Oklahoma was the first jurisdiction in the world to adopt lethal injection as a standard method of execution.

Most recently in 2026, there are around 24 men and women on death row in Oklahoma.

==Legal process==
When the prosecution seeks the death penalty, the sentence is decided by the jury and must be unanimous. In case of a hung jury during the penalty phase of the trial, a life sentence is issued.

In 1988, Thompson V. Oklahoma the death penalty became unlawful for any offender under the age of 15.

==Capital crimes==
In Oklahoma, first-degree murder is punishable by death in the following circumstances:

1. The defendant was previously convicted of a felony involving the use or threat of violence to the person;
2. The defendant knowingly created a great risk of death to more than one person;
3. The person committed the murder for remuneration or the promise of remuneration or employed another to commit the murder for remuneration or the promise of remuneration;
4. The murder was especially heinous, atrocious, or cruel;
5. The murder was committed for the purpose of avoiding or preventing a lawful arrest or prosecution;
6. The murder was committed by a person while serving a sentence of imprisonment on conviction of a felony;
7. The existence of a probability that the defendant would commit criminal acts of violence that would constitute a continuing threat to society; or
8. The victim of the murder was a peace officer, or correctional employee of an institution under the control of the Department of Corrections, and such person was killed while in performance of official duty.

Oklahoma statute books still provide the death penalty for first-degree rape, extortionate kidnapping, and rape or forcible sodomy of a victim under 14 where the defendant had a prior conviction of sexual abuse of a person under 14, but the death penalty for these crimes is no longer constitutional since the 2008 U.S. Supreme Court case Kennedy v. Louisiana.

==Clemency==
Under the state Constitution, the governor of Oklahoma may grant a commutation of the death sentence, but only with advice and consent of the five-member Pardon and Parole Board. Six inmates post-Furman have had their death sentences commuted.

Governor Lee Cruce commuted every death sentence imposed during his administration (1911–1915).

==Method==
Oklahoma is one of two states (together with Mississippi) which allows more than three methods of execution in its statutes, providing lethal injection which is Oklahoma's primary method, nitrogen hypoxia, electrocution and firing squad to be used in that order if all earlier methods are unavailable or found to be unconstitutional. The nitrogen option was added by the Oklahoma Legislature in 2015 and has never been used in the state, only having been used seven times in Alabama and once in Louisiana.

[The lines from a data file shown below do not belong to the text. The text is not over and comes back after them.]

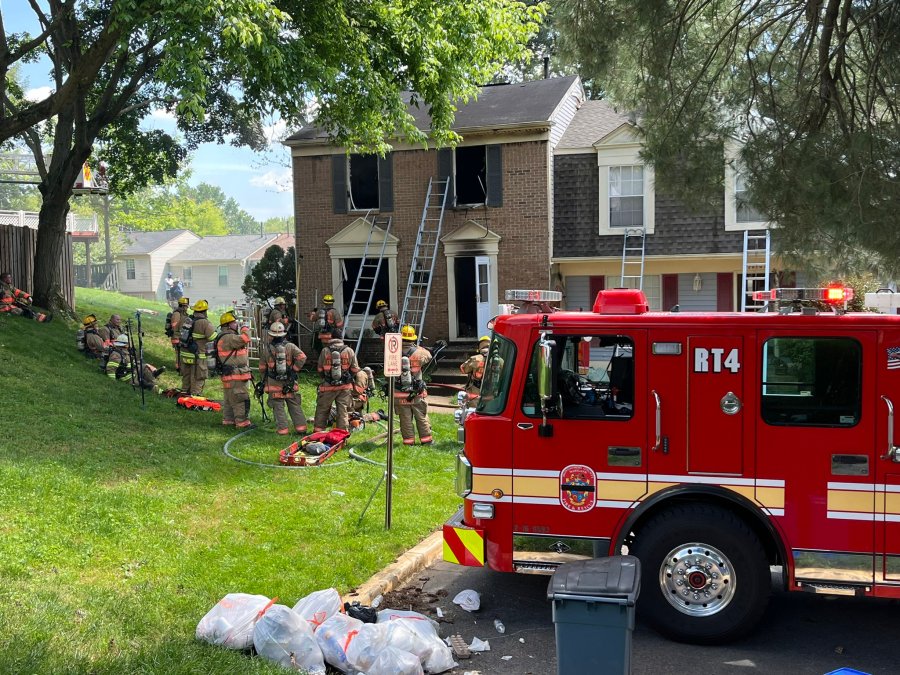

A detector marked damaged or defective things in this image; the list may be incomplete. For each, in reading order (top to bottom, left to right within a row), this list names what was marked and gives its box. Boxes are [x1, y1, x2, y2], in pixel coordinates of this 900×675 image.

broken window [346, 154, 378, 211]
broken window [458, 145, 486, 203] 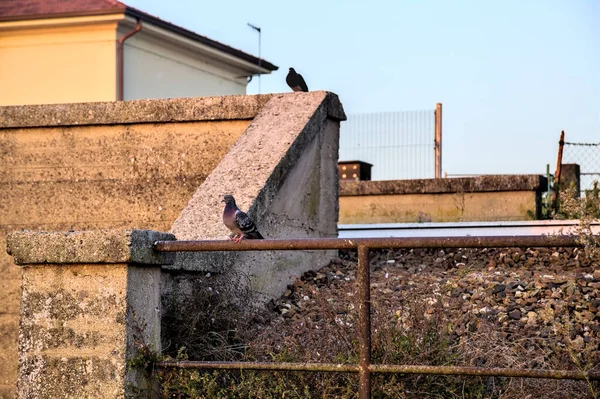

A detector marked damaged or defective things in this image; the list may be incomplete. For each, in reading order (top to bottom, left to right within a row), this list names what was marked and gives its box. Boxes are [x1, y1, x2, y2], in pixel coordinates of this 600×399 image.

rusty horizontal pipe [155, 234, 584, 253]
rusty metal railing [152, 236, 596, 398]
rusty horizontal pipe [155, 362, 600, 382] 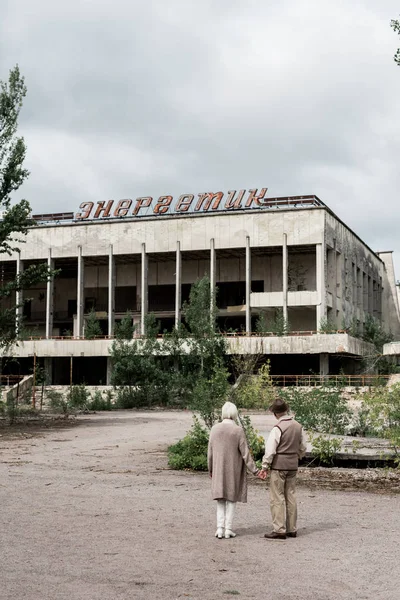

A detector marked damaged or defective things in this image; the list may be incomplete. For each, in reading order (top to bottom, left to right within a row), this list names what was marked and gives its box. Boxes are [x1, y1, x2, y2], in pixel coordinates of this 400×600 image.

cracked asphalt ground [0, 412, 400, 600] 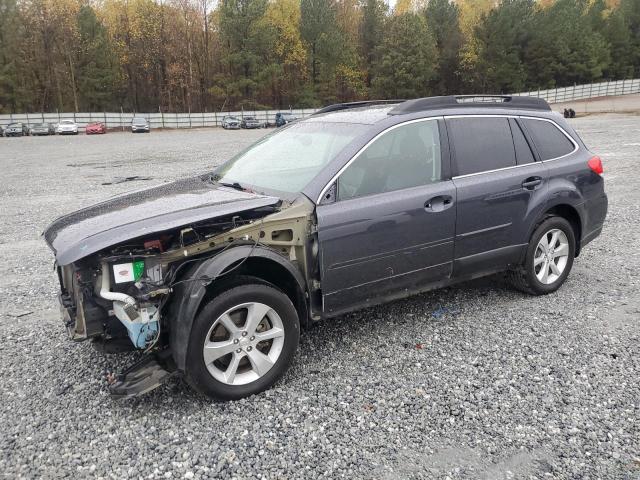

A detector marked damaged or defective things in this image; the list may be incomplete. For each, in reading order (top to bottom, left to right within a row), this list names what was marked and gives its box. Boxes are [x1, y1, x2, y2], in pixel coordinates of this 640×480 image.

wrecked hood [45, 176, 280, 266]
damaged subaru outback [43, 95, 604, 400] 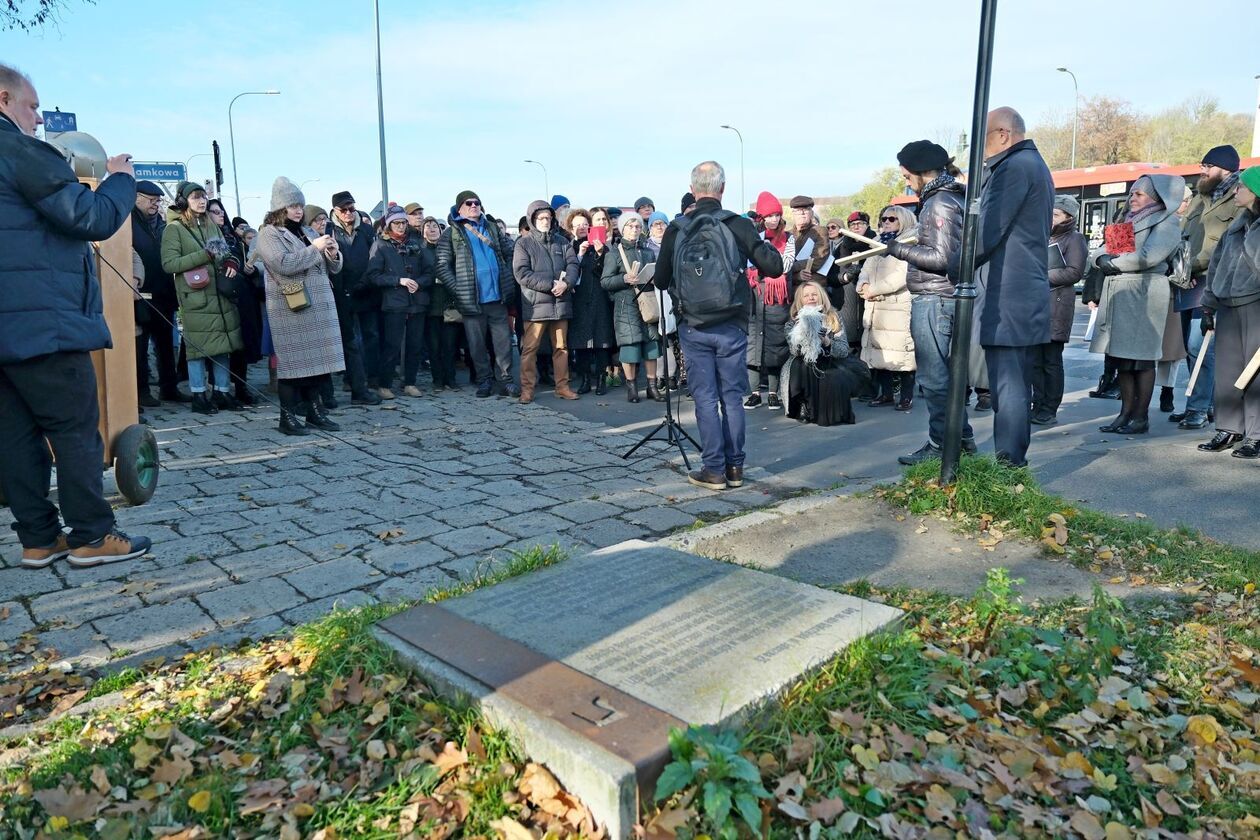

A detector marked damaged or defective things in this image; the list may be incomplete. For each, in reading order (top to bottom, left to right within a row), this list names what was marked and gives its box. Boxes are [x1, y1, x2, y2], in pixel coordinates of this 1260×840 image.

On December 16, 2010, Oklahoma became the first American state to use pentobarbital, in the execution of John David Duty. In 2014, Oklahoma placed scheduled executions on hold until the state's Department of Corrections implemented eleven proposed improvements in protocols governing capital punishment. The review of the lethal injection administration process resulted from the protracted 51-minute execution of Clayton Derrell Lockett in which a doctor and a paramedic failed nearly a dozen times to administer an IV with lethal drugs. All executions were postponed for that day. Executions resumed on January 15, 2015, with the execution of Charles Frederick Warner by lethal injection. Warner was the last man to be executed in Oklahoma for nearly seven years, until October 28, 2021, when John Marion Grant was executed, also by lethal injection.

During Grant's execution, he vomited and convulsed after the administration of the lethal injection. Dale Baich, an attorney for death row plaintiffs said, "Based on the reporting of the eyewitnesses to the execution, for the third time in a row, Oklahoma's execution protocol did not work as it was designed to. This is why the Tenth Circuit stayed John Grant's execution and this is why the U.S. Supreme Court should not have lifted the stay. There should be no more executions in Oklahoma until we go trial in February to address the state's problematic lethal injection protocol." Critics called the execution torture, while a spokesperson for the Oklahoma Department of Corrections defended it, saying "Grant’s execution was carried out in accordance with Oklahoma Department of Corrections’ protocols and without complication."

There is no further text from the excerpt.